=== The problem ===
Please repeat exactly the lines below from the line with "Cape Nosleeve Tshirt" to the line with "Prezent na BABY", including both, and leave out every picture.

=== Data to process ===
= = = = = = =

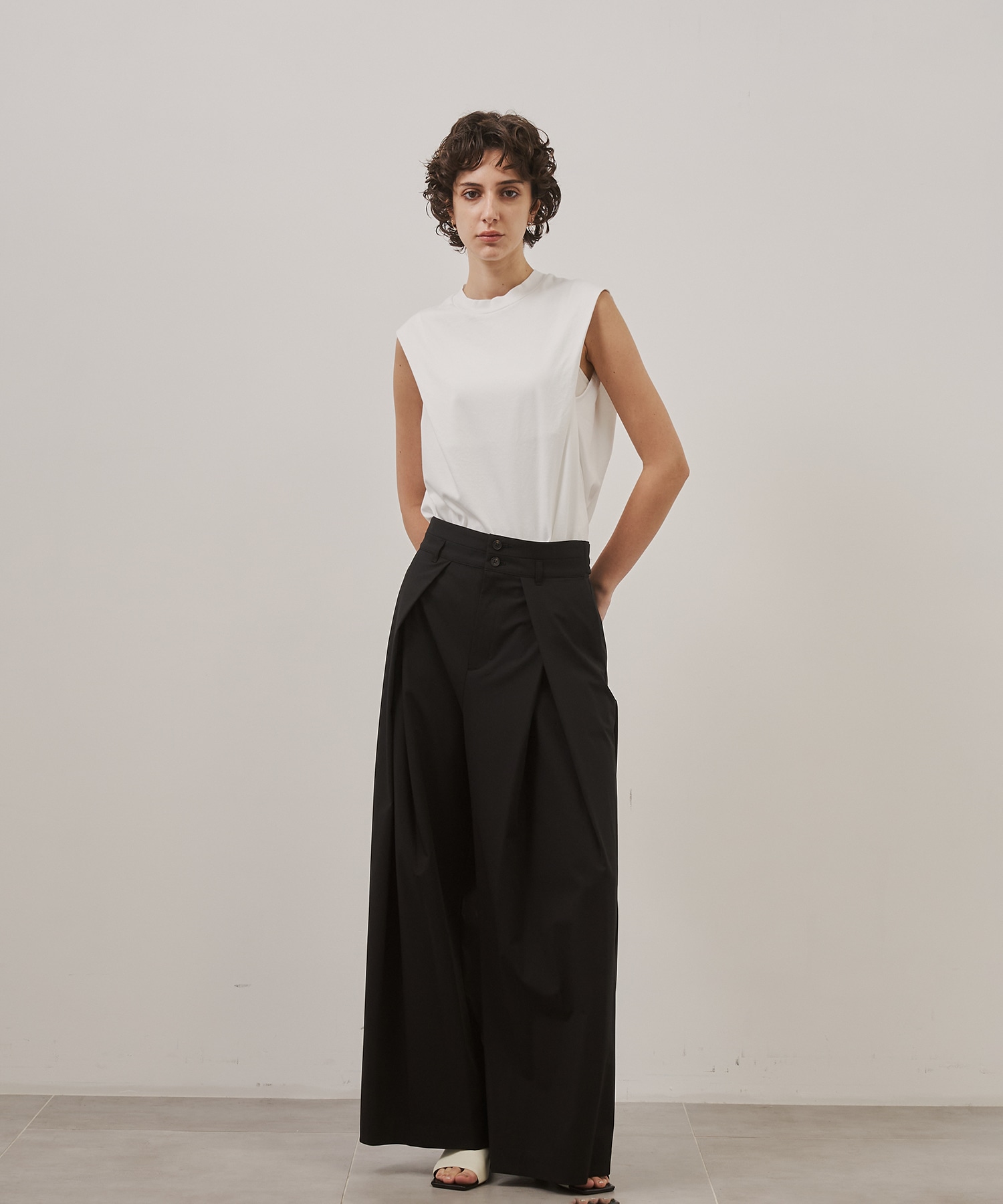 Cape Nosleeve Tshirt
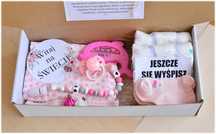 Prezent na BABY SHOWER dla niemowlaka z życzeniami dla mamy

= = = = = = =

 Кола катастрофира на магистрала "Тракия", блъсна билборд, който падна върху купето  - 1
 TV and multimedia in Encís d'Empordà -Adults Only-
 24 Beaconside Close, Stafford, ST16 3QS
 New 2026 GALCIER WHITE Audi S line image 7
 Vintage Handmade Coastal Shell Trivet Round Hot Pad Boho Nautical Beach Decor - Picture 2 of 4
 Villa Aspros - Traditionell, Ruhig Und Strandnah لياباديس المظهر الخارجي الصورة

= = = = = = =

=== Task response ===
 Cape Nosleeve Tshirt
 Prezent na BABY SHOWER dla niemowlaka z życzeniami dla mamy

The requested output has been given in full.